勘違い
「誰が修留をどこぞの馬の骨にやるか」
「ツンはどこの置いてきたんでしょうね」
第52話 勘違い
今言われた事を思い出してみよう。
「えっと、兵器を創り出していると言いませんでしたか?」
戸惑う三人の代表として花蕾が訪ねる。
「何惚けているのですかっ!!」
槍を向けてくる女性が怒った様に怒鳴ってくるが、
「そんな面倒な事誰がするか」
「ですよね」
この人神翼人は修留しか興味ないだろうし、
「誤魔化しても分かってるんですよ!! 翼人を人工的に交配させて、安定させる兵器にする計画を知ってるんですからね!!」
「――ほお!!」
紅諒から冷たい声が零れてくる。
「げっ!!」
「あらっ!!」
何もないのに寒くなってきた気がするのは、その声があまりにも冷たいからだろうか。ってか、そちらを直視したくないので微妙に目を逸らす。

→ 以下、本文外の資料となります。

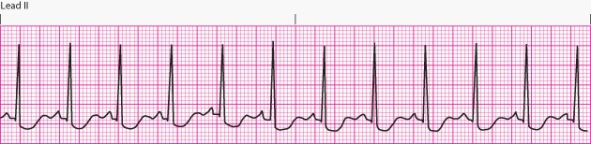 Interpret the following rhythm:   A)  Normal sinus rhythm B)  Sinus bradycardia C)  Sinus tachycardia D)  Sinus arrhythmia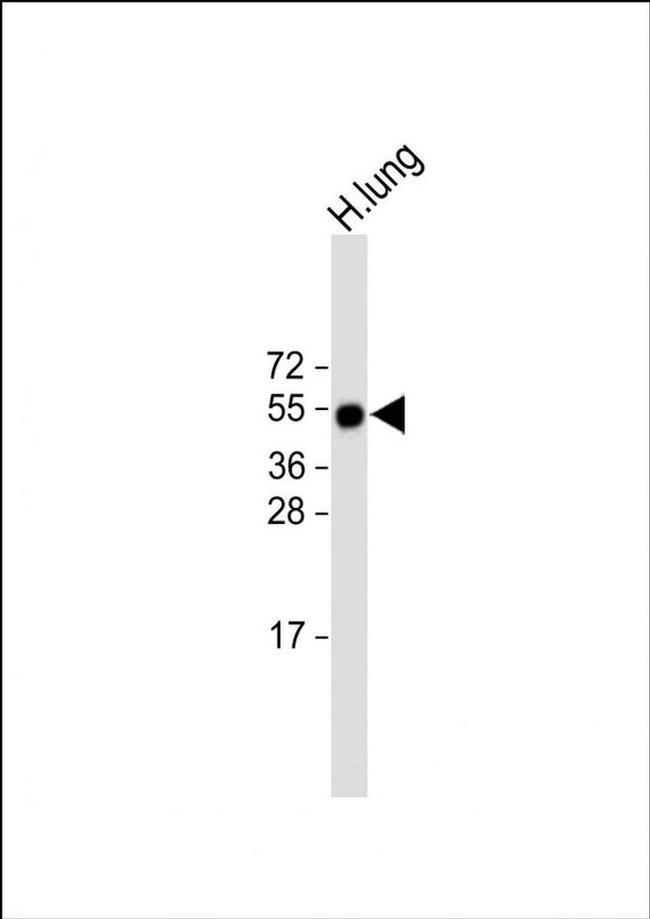 RAMP3 Antibody in Western Blot (WB)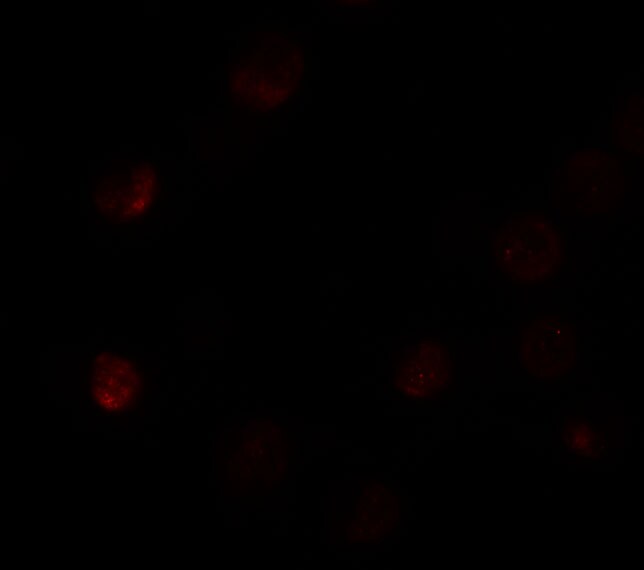 SLC35D3 Antibody - BSA Free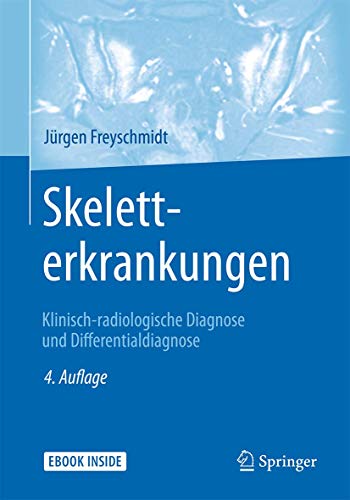 Skeletterkrankungen: Klinisch-radiologische Diagnose und Differentialdiagnose von Springer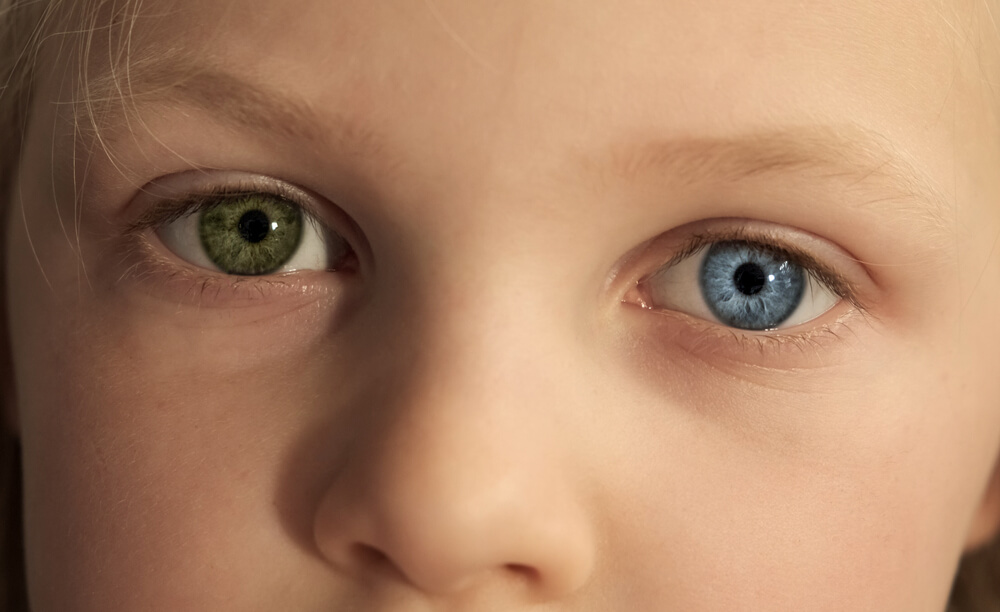 Unlocking the Enigma: Understanding Heterochromia - A Comprehensive Exploration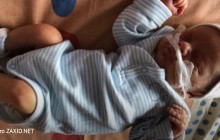 У Львові новонародженому видалили 2,5-кілограмову пухлину, маля зменшилось удвічі (фото)
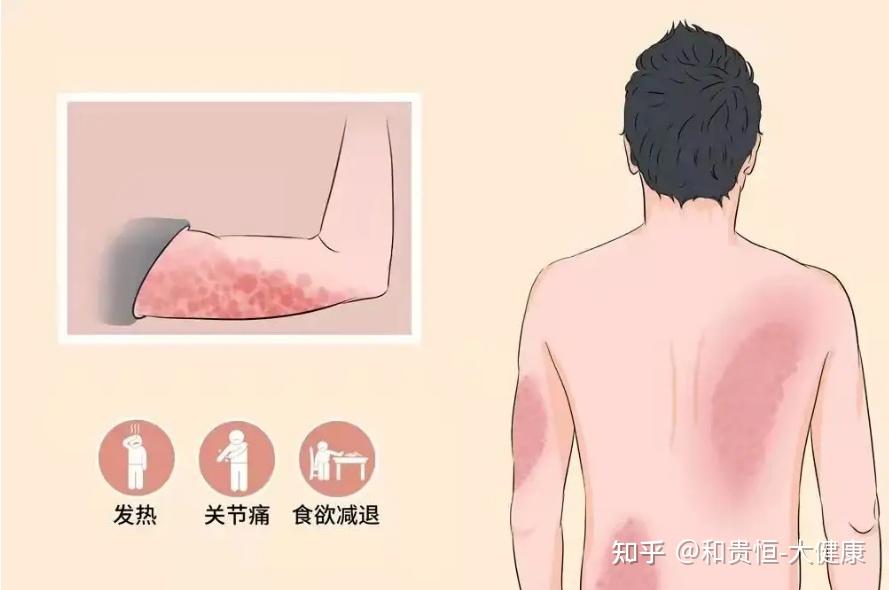 硬皮病科普 - 知乎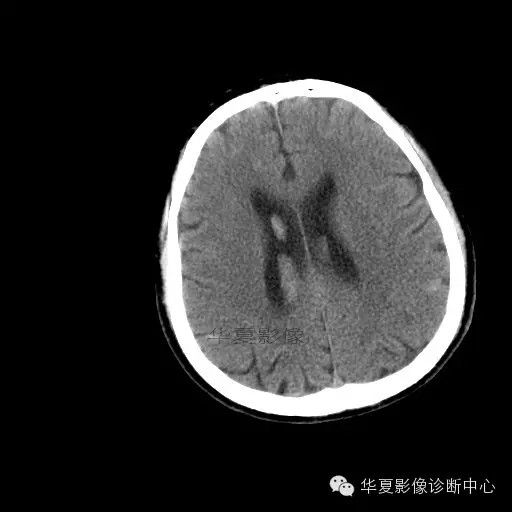 【病例学习】烟雾病一例影像诊断 【病例学习】烟雾病一例影像诊断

それは修留も同じだったのか若干顔色を悪くして、正視しない様にしている。
「………翼人を交配させているというわけか。俺が」
どどどどどどっ
表情は変わらない――まあ、元から眉間にしわを寄せているが――だが、はっきり怒りが伝わってくる。
「――俺が修留にそうするとでも」
しないですよね。絶対。
自分以外の男の手垢に染めようなんてしませんから絶対。
「えっ、えっ!?」
可哀想に、大変ですけど、この――めんどくさい――紅諒を怒らせたのですから、まあ自業自得という事で諦めてください。
合掌。
「ええぇぇぇぇぇぇぇ!!」
悲鳴を上げるが、もう遅い。
紅諒は壊れた銃以外にも複数銃を持っている。次から次と撃っていくのを女性は逃げている。もはや、玉砕覚悟(どやぁっ笑)と言っていたのが嘘みたいな状態だ。
「暇~」
いつの間にか翼を片付けていた修留が、屋根の上で座り込んでいる。
「暇なのが不満ですか?」
「だって…」
久しぶりに全力で戦えると思ったのにと些か戦闘狂に思える台詞を言っている修留に苦笑いを浮かべてしまう。
「それにしても……」
気になりますね。
「何が?」
「あの女性の行っている事ですよ。私達は勘違いで狙われたのならどこかでそれをしている人がいるって事ですし」
もしそうならこのまま遊んでいていいものですかね。
真犯人が逃げてしまいますよ。
にこやかに告げるのと、修留が何かに気付いたように動くのは同時だった。
「――部下が、失礼した」
銃を撃っていた紅諒の前に一人の男性が現れる。その男性が剣を向けようとするのを修留が腕を掴んで止めている。
互いに本気を出してない。
敵意は無く。ただ、視線を向けるためにあえてそうした男性を修留が警戒する必要性を感じなかったのだ。
「恵石!!」
女性が叫ぶ。
「桜見勝手に上司の命令を勘違いして飛び出すな。しかも玉砕覚悟とか……」
どうやら女性の名は桜見と言うらしい。
「かっ、勘違いだなんて…!?」
「うちには信頼できる手駒が少ないんだ。玉砕して勝手に減らすな」
冷たく言い捨てる恵石と呼ばれた男性。
・・
「これを回収させてもらう」
「――断る。と言ったら」
銃口を恵石に向けたまま告げると、
「そうだな」
一振りだった剣が、裂ける様に二振りに変化する。
「力づくで行かせてもらう」
左右で剣を持つ青年。
「………倒魔具。倒神具。………魔人が倒神具はともかく倒魔具を持つとはな」
「――本業は処刑人だからな」
成程な。面白がるように紅諒の腕が下りる。何かあっても修留が動くと判断したからの動き、
「感謝する。――桜見」
「はいっ!!」
「――礼として、この街に今翼人を人工的に創ろうとしている者が入り込んでいる。その者は翼人に近付ける実験の生き残り同士でまず交配させようとしている。………欲しい情報だろう」
「お前…」
どうしてそれをと言い掛けた紅諒に答えずに二人は姿を消す。
「ごめん…」
修留が腕を掴んでいたのに逃げられた。
「………いや、いい」
紅諒は首を振る。
「とりあえず。真実ならまたとない情報だ」
頭を切り替えるように、そう判断する紅諒。
「どうやら、あいつらは今は敵じゃないようだ」
なら、放っておく。
「………その情報の相手で八つ当たりすればいい」
その目は交配と言う言葉がまだ許せないんだなと下僕二人は何も言えなかった。